Hello Community!
This will be a non-Veeam post today, but I thought it would be worthwhile to share about a vSphere network issue I encountered recently, and the steps I took to resolve it, in case any of you experience a similar occurrence.
PROBLEM
I had 1 ESXi Host in a Cluster which, when VMs in a certain subnet were connected to a segregated vSS and PG, there would be no network connectivity. No pings. No network connection of any kind. I use vSS and not vDS, so one might think there could be a configuration issue, rightfully so. But, I use PowerCLI to configure my Hosts, and all of them were configured using this same PCLI script, so the chances of that being the case was virtually zero. And, the other Hosts in this Cluster, when VMs were connected to the same subnet (vSS & PG), connectivity was fine. The following are some troubleshooting steps I took to try and narrow the cause down:
- Viewed first to see if the vmnic Teaming Policy in the vSS was set to ‘active’. Believe it or not, I have had it happen where my vmnic wasn’t in the active state even after being configured with my script (which does set vmnics active when assigning them to vSS PGs). As you can see below, it was all good there:
- I then SSH’d to the Host to check the link state and that was all good > all are ‘up’ and ‘up’:
- Then, things started looking a little “buggy”. Data was being received, but nothing transmitted, when looking at the nic stats:
- Even though the physical switch port is configured with a specific VLAN, but not trunked, thus meaning no VLAN ID is required in the vSS Port Group, I went ahead and configured a VLAN ID anyway; but still no connectivity.

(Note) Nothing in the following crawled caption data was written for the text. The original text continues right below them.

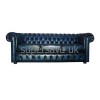 Chesterfield Antique Blue Genuine Leather Three Seater Sofa Bed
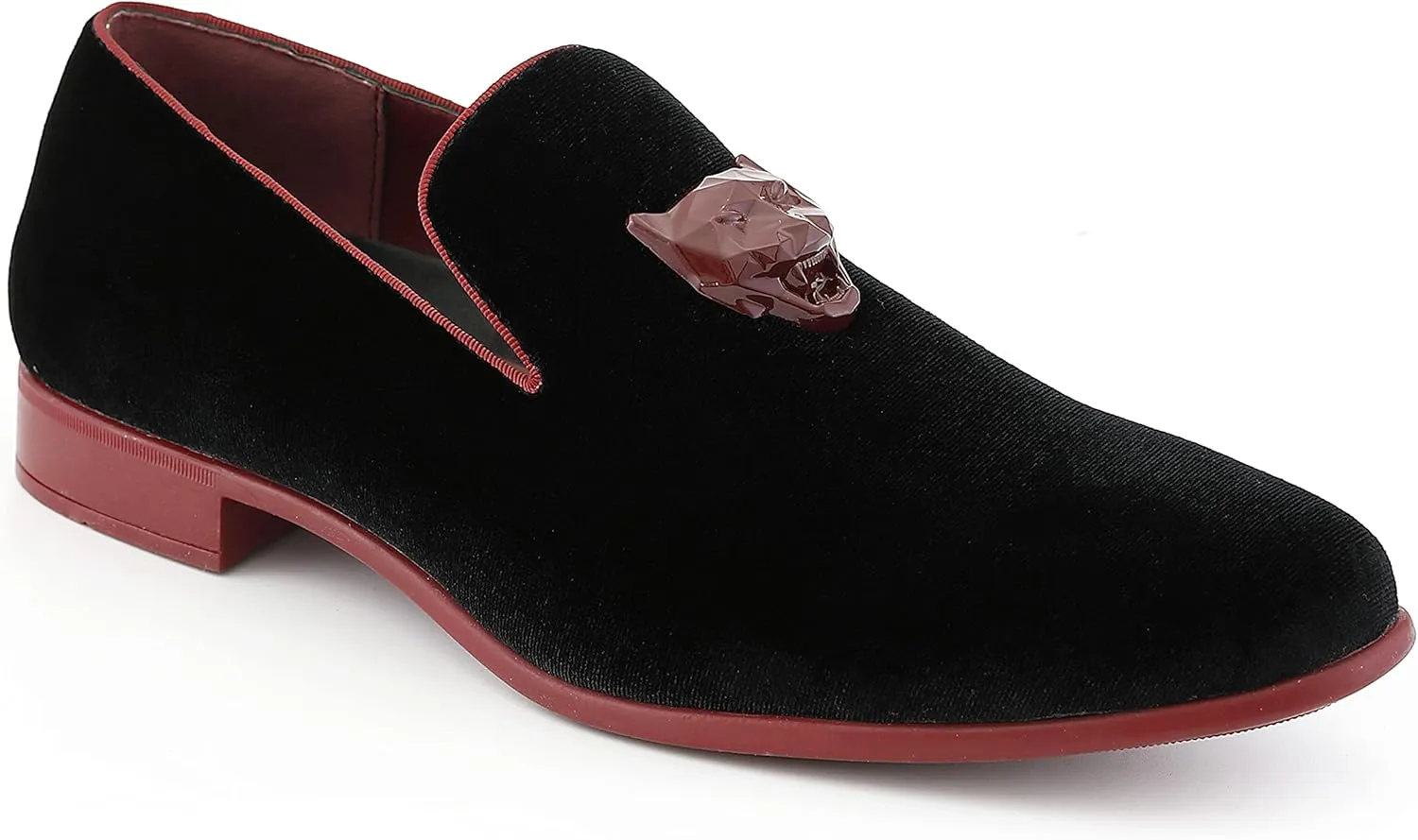 Amali King - Men's Slippers - Mens Loafers - Designer Shoes for Men - Tuxedo Shoes - Velvet Loafers Men - Embossed Paisley Pattern, Satin Band and Trim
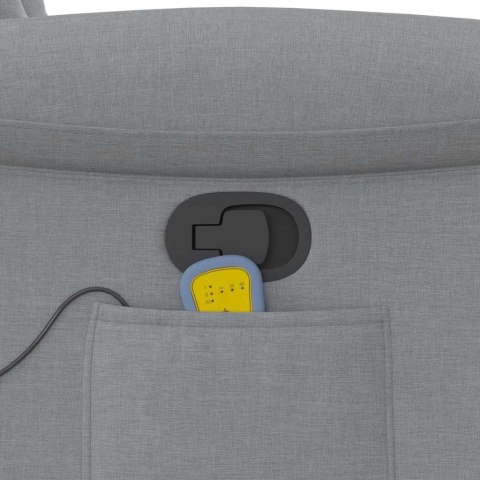 PODNOSZONY FOTEL MASUJĄCY ROZKŁADANY JASNOSZARY TKANINA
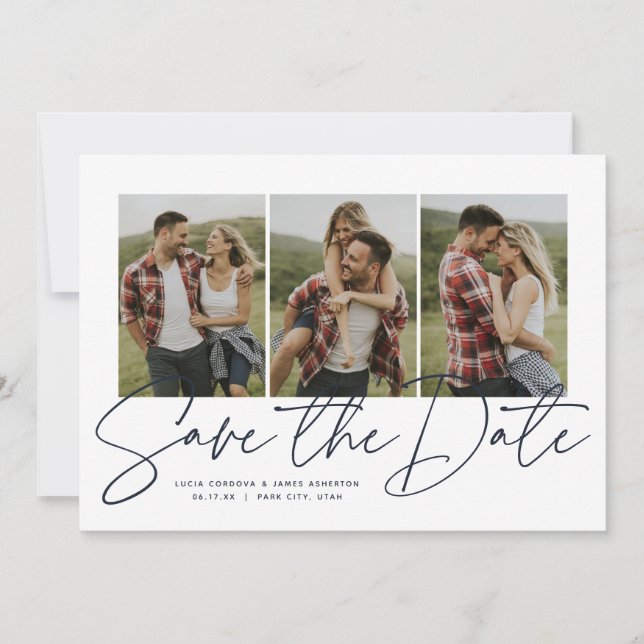 Save The Date Moderne écriture stylée trois photo bleu marine (Devant)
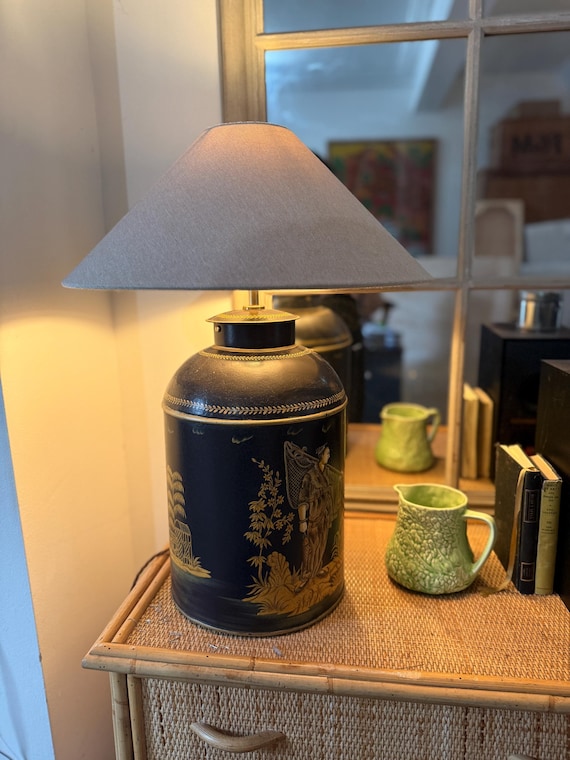Striking Antique style Chinoiserie Tea Caddy Lamp - two available. Price per lamp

- I disconnected the network cable from the Host and connected it to my laptop, configured an IP on my laptop in the same subnet and was able to connect to the subnet fine, so the issue potentially being cable-related or physical switch port-related was debunked. The problem had to be either the nic port itself, which I thought was very unlikely since 1. this Host is fairly new and w. was the 2nd nic port in a dual-port embedded nic card; or the issue was something going on in software (i.e. vSphere)
- I looked at one last area just to verify if the vmnic in question was actually being seen in vSphere as “used” in the vSS Teaming Policy. As noted in my first troubleshooting bullet item above, you can see the nic is configured for the active state, but when going to the vSS area and just “viewing the vSS settings”, the vmnic showed as ‘unused’. BINGO!
RESOLUTION
Ok, so there is a diconnect here on what is seen by the software and what is actually configured. I attempted to remove the vmnic from the vSS, then re-add it as active, but that did no good. Still showing as ‘unused’. What I ended up having to do to fully resolve this was remove the vmnic, then blow away (delete) the PG and vSS. I then re-created the vSS & PG, added the vmnic back, then voila’!...all good. I now have network connectivity for this subnet on this Host.
Hopefully this helps anyone else who may encounter this issue.
Cheers!